2)) If you modify suface in IDD, for example convert surface to planar which seemes to be planar but Creo doesn't consider is as planar, that means you can't perform certain parametric operations on that surface then, it CHANGES it's ID as well.
It is important for the injection mold technology that in the reference part all the surfaces along parting line have a draft on them. It makes sense I am picking up these surfaces in particular for "Seed and Boundary selection" for Copy and Paste operations. Which is well over 200 surfaces on this complicated model.
Ok so I was making modifications to surfaces along parting line in a way that they changed IDs because there was no other way for me to do it and guess what. The huge copy feature I was trying to make for over one day has failed.
My question is how do you redefine such a huge failed copy feature? One thing is that I don't know how to handle the interface in Creo to replace the old boundary surfaces with new ones for "Seed and Boundary selections" inside Copy feature redefinition.
To add to all of that Creo actually lags as **** while doing this type of operation on this complicated quilt (surface copy). Even on top end comp with I7 processor, NVIDIA Quadro card, 16 GB of RAM and SSD Disk.
So with all the changes I forgot to make on the reference part everytime I had to go back and recreate this copy feature from the ground like 5 times on each cavity part.
And imagine that the core and cavity were fully defined so each time I had to go through every trim, merge, extend or extrude feature to point it to new references. Selecting those 200 surfaces upfront every single time.
After one week of working on the mold I've finally got all the inserts and plates assembled together. I am sure I could do this in one day in Rhino. But yeah dead models... well these "parametric" models are a mess, dead or not. If I am ever gonna touch that mold again I am gonna use FMX anyway.
To sum this up I am comparing one day to five and dead but stable models to parametric models that might fail anytime I just turn around on my chair. lol
If you aren't using AAX then you aren't using TDD :-(
The pain you are experiencing is with Data Import. I am by no means an expert on that topic.

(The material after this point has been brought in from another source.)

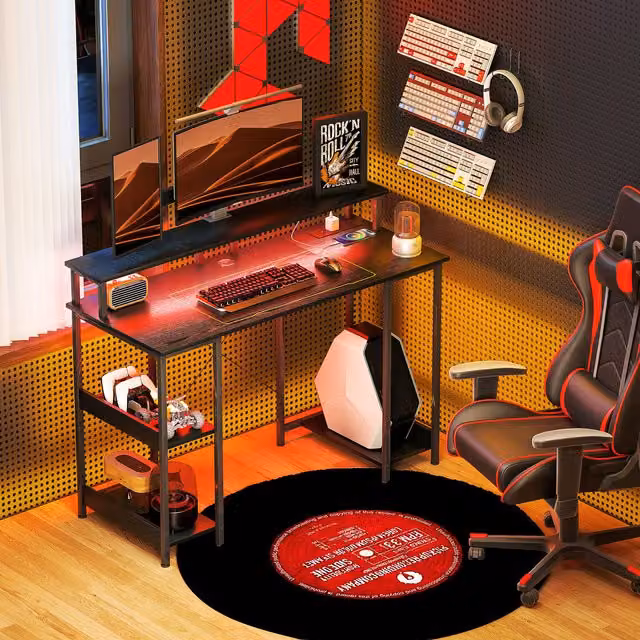 HOMCOM Reversible Modern Computer Desk with LED Light and Power Outlet, Black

By the way, I feel your pain about bringing in geometry from other CAD systems into Creo. The last time I had to do it, it was nothing but non-value added work that had me wanting to rip my hair out.

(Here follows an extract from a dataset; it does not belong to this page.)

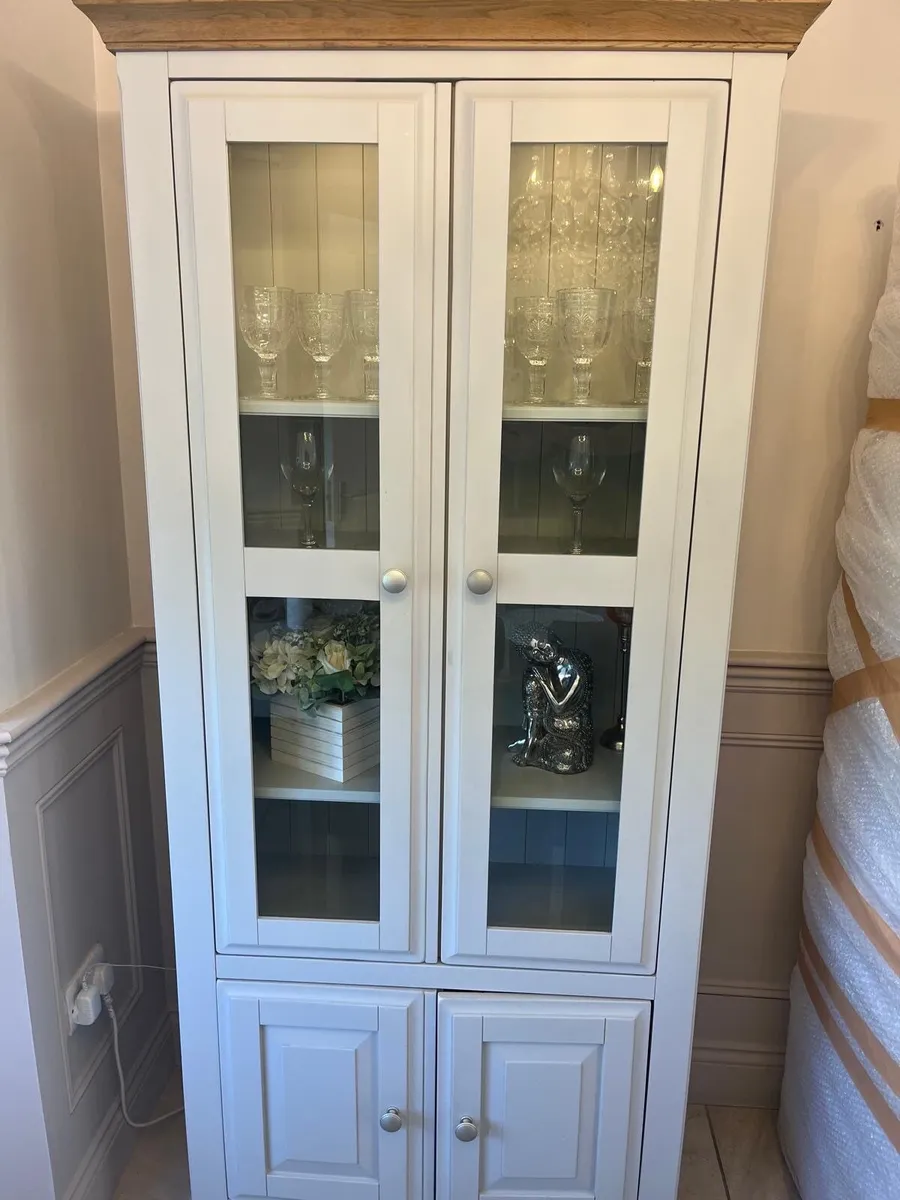 Cabinet worth €799 - Image 3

I suggest reposting your issue to the Creo/Modeling community.
Ok, I doubt anyone has similar sort of problem and could help on that matter. I might just try to log a case to PTC or try to dig it out form Creo help.
Thanks for trying to understand.
Btw could you show here a little example of what do you mean by TDD?

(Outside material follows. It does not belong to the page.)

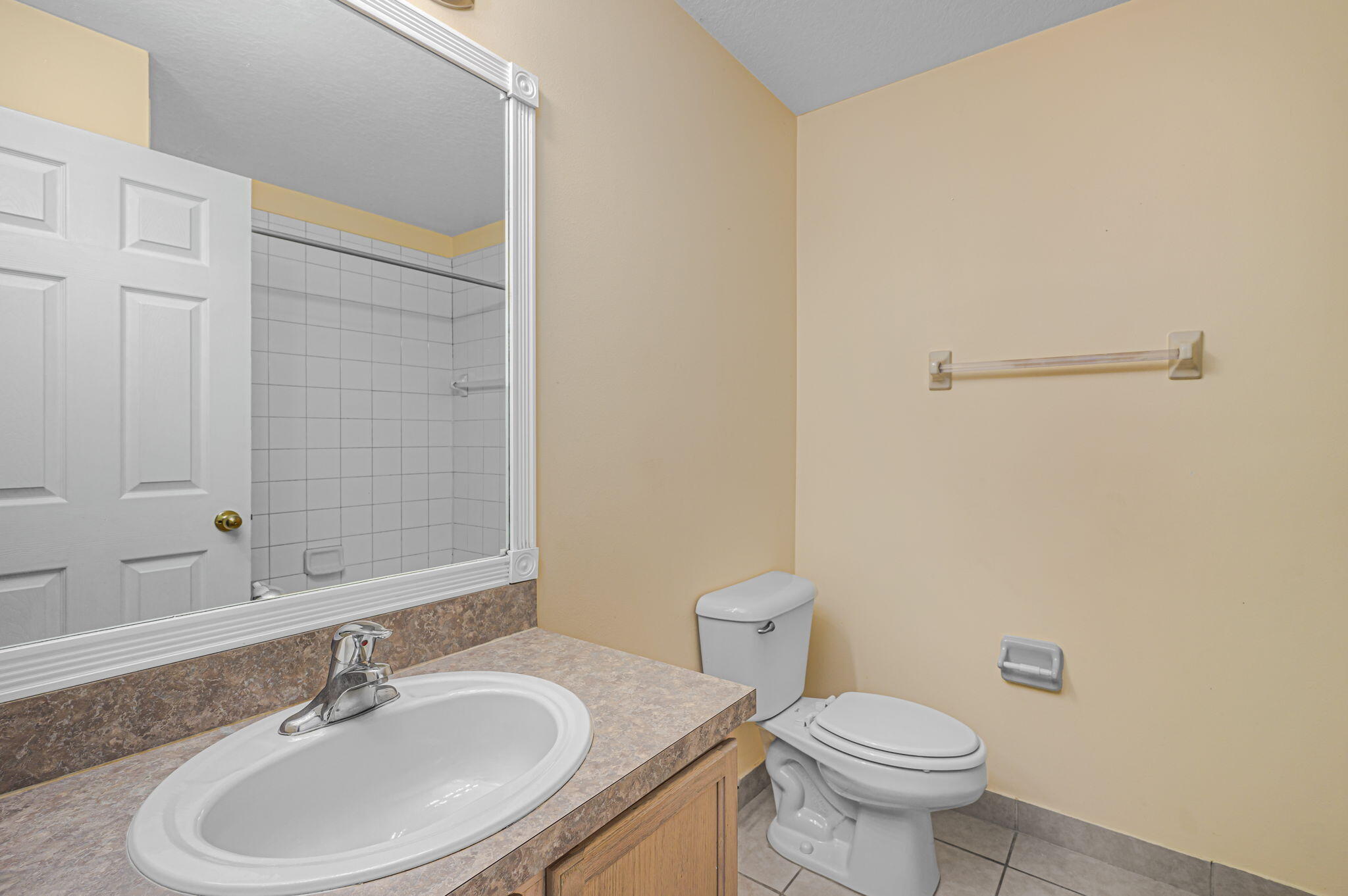 FOURTH  REPLAT OF PORTOFINO ISLES - Residential Lease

Good luck on your presentation in June.
Ive found that most of the Top down design problems I've come across in my training experiences are due to lack of best practices and one that proper training can solve. It's really easy to use top down design to preform wrong and not be so robust.
I teach various techniques to handle failed ECG features. One that will be difficult to explain in an email is to use a surface copy then publish that geometry in the skeleton part. The Piece part looks at the skeleton part. The copy surface preforms two tasks one it woks like a time stamp. I suggest naming it that way) The other helps users manage the failed feature. Once you manage the failed surfaces you simply refine (edit definition) on the copy surface. The publish looks at that copy surface and you should update in that robust way as changes occur later in the development cycle.